Пригов, как и другие российские концептуалисты, самостоятельно переоткрыл – но и по-своему сконструировал – творческую стратегию, хорошо известную авторам квир- и постколониальных исследований. Когда представители «младшей», подавленной культуры (subaltern culture) начинают входить в публичное поле, они могут поначалу использовать язык гегемониальной культуры, переосмысляя его и подчеркивая его перформативность. Представитель культуры меньшинства одновременно обращается к «своей» аудитории, осмеивая культуру большинства, – и демонстрирует самоосмеяние для «внешнего» зрителя или слушателя, разыгрывая особую, «прибедняющуюся», колониальную самоиронию. Именно так были построены выступления афроамериканских исполнителей песен перед смешанной аудиторией в США в начале ХХ века[30].

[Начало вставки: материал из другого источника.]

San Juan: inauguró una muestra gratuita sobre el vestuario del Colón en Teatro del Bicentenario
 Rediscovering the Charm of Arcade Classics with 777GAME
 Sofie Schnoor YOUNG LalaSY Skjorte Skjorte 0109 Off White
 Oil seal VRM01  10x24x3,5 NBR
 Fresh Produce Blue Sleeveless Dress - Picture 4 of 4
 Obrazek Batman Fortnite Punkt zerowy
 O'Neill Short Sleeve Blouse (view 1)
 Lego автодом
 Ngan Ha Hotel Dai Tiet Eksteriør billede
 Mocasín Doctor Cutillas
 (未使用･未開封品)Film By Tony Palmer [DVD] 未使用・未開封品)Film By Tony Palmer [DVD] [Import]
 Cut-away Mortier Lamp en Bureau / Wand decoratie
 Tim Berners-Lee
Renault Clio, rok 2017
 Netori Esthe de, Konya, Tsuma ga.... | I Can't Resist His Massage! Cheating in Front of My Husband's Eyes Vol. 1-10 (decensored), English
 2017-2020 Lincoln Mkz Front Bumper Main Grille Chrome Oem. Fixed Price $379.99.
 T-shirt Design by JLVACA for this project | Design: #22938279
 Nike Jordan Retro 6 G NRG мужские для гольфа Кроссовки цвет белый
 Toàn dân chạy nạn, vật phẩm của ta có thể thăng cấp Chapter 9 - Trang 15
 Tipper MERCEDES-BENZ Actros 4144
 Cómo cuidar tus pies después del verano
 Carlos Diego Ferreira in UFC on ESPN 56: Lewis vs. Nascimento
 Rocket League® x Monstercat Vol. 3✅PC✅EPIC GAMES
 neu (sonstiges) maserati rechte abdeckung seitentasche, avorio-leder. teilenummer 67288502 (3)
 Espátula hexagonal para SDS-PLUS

Концептуалисты имели дело с советской гегемониальной культурой, которая на момент их социализации уже была морально скомпрометирована, – по крайней мере, для критически мыслящих интеллектуалов. В этих условиях Пригов изобрел жест двойного остранения: подчеркнутое, утрированное использование гегемониального языка он сделал перформативным, но и саму эту перформативность остранил, представив ее как искусственно сконструированную стратегию. Это второе остранение помогало ему отказаться от любой моральной солидаризации с гегемониальным языком и показать его условность, «сделанность», чего в «классическом» языке колонизированных меньшинств не было.
По своей структуре такие отношения автора и дискурса напоминали дистанцированные отношения актера и роли в «диалектическом» театре Бертольда Брехта. Как справедливо отмечает Александр Скидан, приговская «актерская техника», т. е. его метод работы с образом субъекта ближе к театру Брехта, чем Станиславского:
Подобно тому, как в брехтовском театре актер не перевоплощается в персонажа пьесы, а показывает его, занимая по отношению к нему критическую дистанцию, так же и ДАП в своих текстах постоянно «выходит из роли», обнажая искусственность, сделанность текстовой конструкции, наряду с конструкцией («персонажностью») лирического субъекта. ‹…› …эта саморефлексивная, аналитическая техника становится у Брехта, равно как и у Пригова, инструментом показа-кристаллизации господствующей идеологии, в той степени, в какой та говорит через конвенциональные художественные формы и дискурсы. Нужно ли напоминать, что для Брехта такой распыленной в «эстезисе» инстанцией власти являлась идеология буржуазная, тогда как для Пригова по большей части – коммунистическая (утопическая, мессианская) [Скидан 2010: 126].